One useful type of mixture models is the mixture of regression models. Mixtures
of regression models are appropriate to use when the observations are
from several subgroups with missing grouping identities, and in each subgroup,
the response has a linear relationship with one or more other recorded variables.
Many efforts have been made to extend such models as finite mixtures of generalized
linear models which are comprehensively discussed by McLachlan and
Peel (2004). Bayesian approaches for mixture regression models are summarized
by Frühwirth-Schnatter (2006). Mixture models continue to be a topic of
intense research activity, with special issues being edited in close succession
(Böhning et al, 2014; Hinde et al, 2016). A large proportion of articles in those
special issues discusses variants of mixture regression models, such as Poisson
regression, spline regression, or regression under censoring.

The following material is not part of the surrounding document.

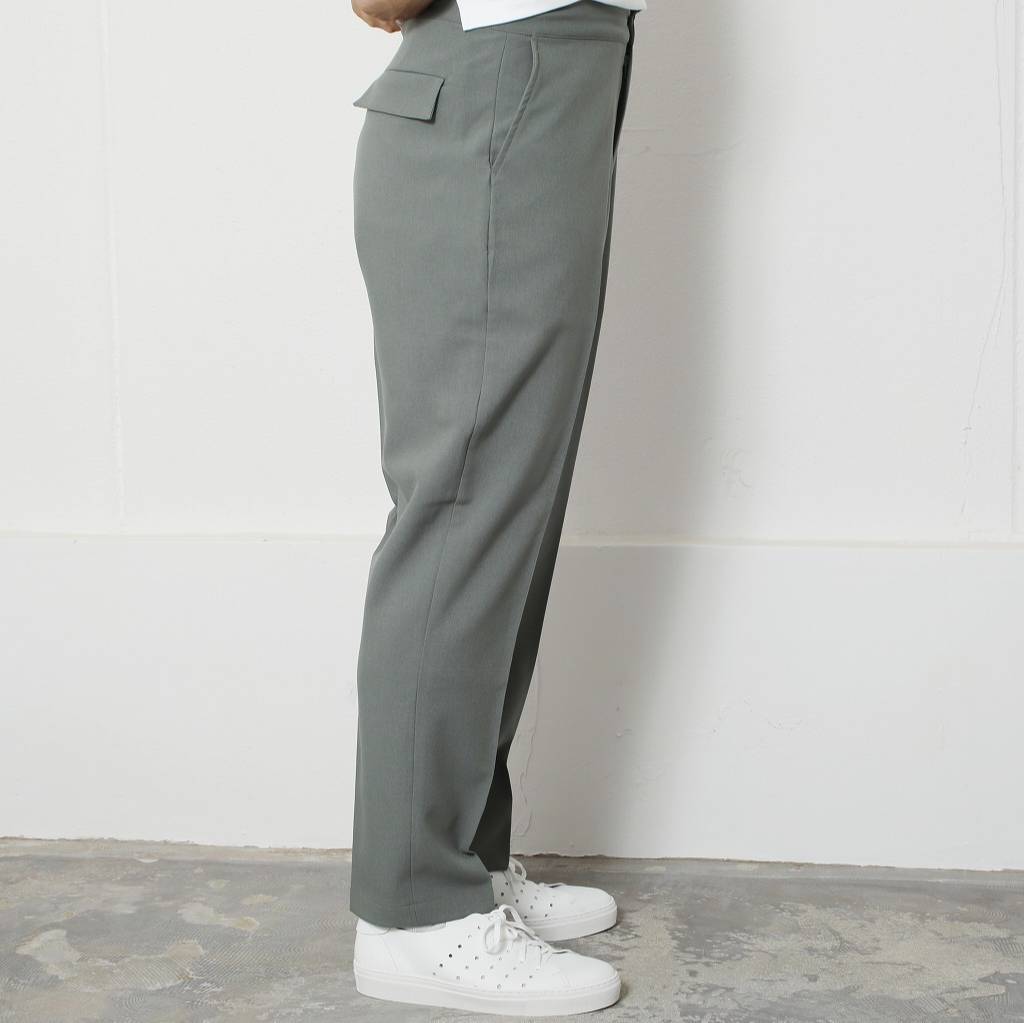 ATHA アタ ウールパンツ HIGH DENSITY WOOL-LIKE TAPERED EASY TROUSERES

Recently, mixtures of nonparametric regression models, which relax the linearity
assumption on the regression functions, have gained particular attention.
For example,Young and Hunter (2010) use kernel regression to model covariatedependent
proportions for mixtures of linear regression models, an idea which
was further developed into a semi-parametric approach by Huang and Yao
(2012). Huang et al (2013) have proposed a nonparametric finite regression
mixture model where the mixing proportions, the mean functions, and the variance
functions are all nonparametric, with application on the U.S. house price
index (HPI) data. However, to our knowledge, there is no statistical method
for prediction from time series based on mixture models and nonparametric
regression. Nonparametric regression is a technique for modelling (possibly
non-linear) trends in data. One approach to nonparametric regression is local
modelling which locally estimates the mean function m(t) using a set of
parametric models. |